Larangan melihat gerhana matahari total  tahun 1983 di wilayah Pulau Jawa sangat masiv, bahkan ada ancaman bila melihat gerhana secara langsung bisa menimbulkan kebutaan. Hal tersebut juga terjadi di Sragen, Jawa Tengan, seluruh kota seperti kota mati pada saat gerhana, tetapi ada kisah menarik tentang satu keluarga yang justru berkeliling kota pada saat itu. Bagaimana kisahnya?

"Waktu itu nggak ada yang boleh keluar, semua genting diselimutin. Sumur yang digali pun ditutupi pakai kardus jadi ventilasinya ditutup semua pakai lakban, kecuali rumah saya. Bapak saya bilang nggak usah, gerhana itu biasa aja, kebetulan rumah saya juga di jalan raya," ujar Setyawan Murdono dalam keteranganan kepada detikcom, Selasa (26/1/2016).

Setyawan kemudian menceritakan bagaimana sebelum hari H, pemerintah melakukan sosialisasi besar-besaran mengenai bahaya melihat gerhana matahari total. Banyak spanduk bahaya gerhana terpampang di wilayah sekitar Sragen. Pengurus RT/RW setempat juga beberapa kali melakukan penyuluhan mengenai bahaya melihat gerhana.

"Waktu itu saya tinggal di sebuah kota kecil di Sragen, saya ingat betul saya masih kelas 3 SMP. Sebelum hari H banyak spanduk berisi larangan juga ancaman melihat gerhana waktu itu.

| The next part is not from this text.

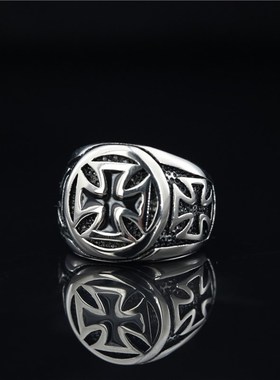 潮酷永恒对戒十字架戒指复古男女尾戒嘻I哈原创痞帅高级感轻奢指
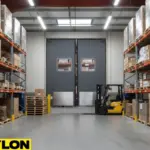 Heavy-duty gray swinging doors in warehouse with forklift and storage racks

Selain itu di banyak tempat juga digelar penyuluhan yang isinya ancaman, kurang lebih isinya seperti ini "Kalau mau buta silakan saja lihat gerhana". Saya sendiri 2 atau 3 kali mengikuti penyuluhan," ungkapnya.

Akibat sosialiasi itu banyak warga ketakutan dan memilih untuk mengikuti anjuran pemerintah dan pihak keamanan untuk tidak keluar rumah untuk melihat gerhana matahari total. Ia menggambarkan suasana Sragen waktu itu seperti kota mati, jalanan sunyi, benar-benar tidak ada aktivitas. Setyawan dan keluarganya memilih untuk keluar rumah dan melawan anjuran tersebut karena penasaran ingin melihat langsung apa yang sebenarnya terjadi. Ia pun sempat ditegur polisi yang tengah berpatroli.

"Pas saya keliling, suasananya benar-benar sepi, kaya kota mati. Pokonya suasananya kaya ada mau kiamat, kemudian saya lanjut jalan ke stadion ada orang orang Jepang bawa teropong . Pas hari H saya malah jalan-jalan terus diusir usir sama polisi patroli. Ketakutan yang luar biasa, tapi bapak saya bilang ya gapapa, jadi kami tetap keliling," katanya.

Saat berkeliling, Ia sempat memperhatikan apa saja yang terjadi. Ia melihat bagaimana aktivitas hewan peliharaannya dan aktivitas tanaman putri malu yang banyak tumbuh disekitar lingkungannya. Ia menambahkan saat berkeliling, Ia hanya melihat orang Jepang yang tengah melakukan penelitian dan para polisi yang sedang berpatroli.

"Saya perhatikan hewan-hewan peliharaan saya, ternyata hewan peliharaan pada masuk ke rumah karena mengira sudah sore. Rumah saya kan besar, hewannya nggak dikurung dan pas gerhana langsung masuk semua, kemudian saya perhatikan lagi, putri malu itu menutup semua, jadi seperti menjelang sore," ucap Setyawan.

Setyawan berharap untuk gerhana matahari total 9 Maret 2016 nanti tidak terjadi lagi pembodohan massal terhadap masyarakat. Dia mengatakan dampak kebutaan saat melihat gerhana matahari total itu tidak benar sama sekali. Jadi, ia mengimbau untuk masyarakat luas untuk bisa menikmati gerhana yang terjadi tahun ini.

"Untuk gerhana tahun ini, jangan ada kebodohan-kebodohan seperti tahun 1983. Katanya habis ngelihat gerhana bisa buta, wong saya sampai sekarang masih bisa melihat kok, alhamdulillah," tutupnya.